The diodes rely upon a temperature differential between infrared radiation absorbed on one side  and the temperature of outer space—effectively one giant cold sink—to generate current, in a similar but opposite fashion to how  solar cells absorb energy coming from the hot Sun to the cold Earth, Nielsen explained. 

Scientists have explored this idea before, even coming up with a $30 device that sits on the ground, facing the night sky, and generates a tiny amount of current. But the current study is the first time this effect has been precisely measured, the researchers say. The team tested the device at a temperature differential of 12.5 °C on a photodiode emitting close to 4.7 micrometers of infrared radiation and generated 2.26 milliwatts per square meter, a volume they predict could increase to up to 19.4 milliwatts per square meter under different conditions.

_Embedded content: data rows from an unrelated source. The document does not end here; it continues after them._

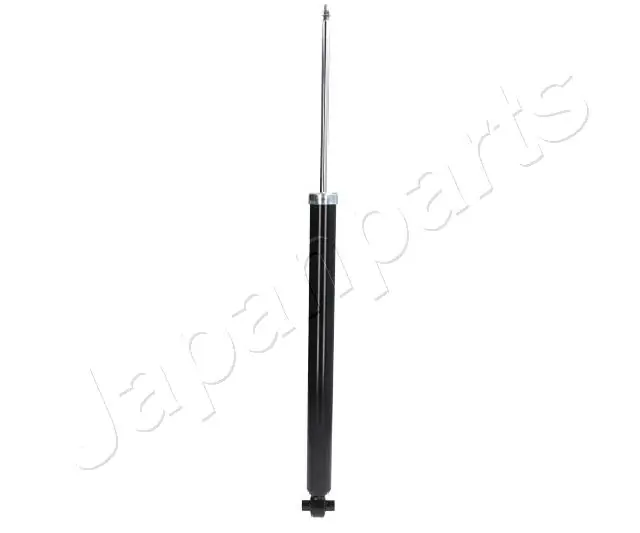 Стойка амортизатора задняя Japan Parts MM33035 цена, от 23.05 USD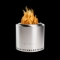 solo stove 1
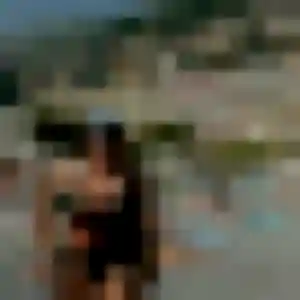 Jolie Jihane, 33 ans à Châtenay-Malabry - découvrir son profil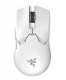 фото Мышь  Razer Viper V2 Pro White в Челябинске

Nielsen told Motherboard it took some self-convincing to embrace the idea that thermodiodes could generate usable electrical current: “Only the theoretical underpinning as well as the efforts by researchers that came before us that made it clear this is possible kept us going,” he said. 

But he hopes to see the technology scaled up; they would be useful for generating power on satellites, for example, he says.

“In principle they could be used wherever there is a temperature differential between what they are attached to and what they view,” he said. “The larger the differential, the more power generated.”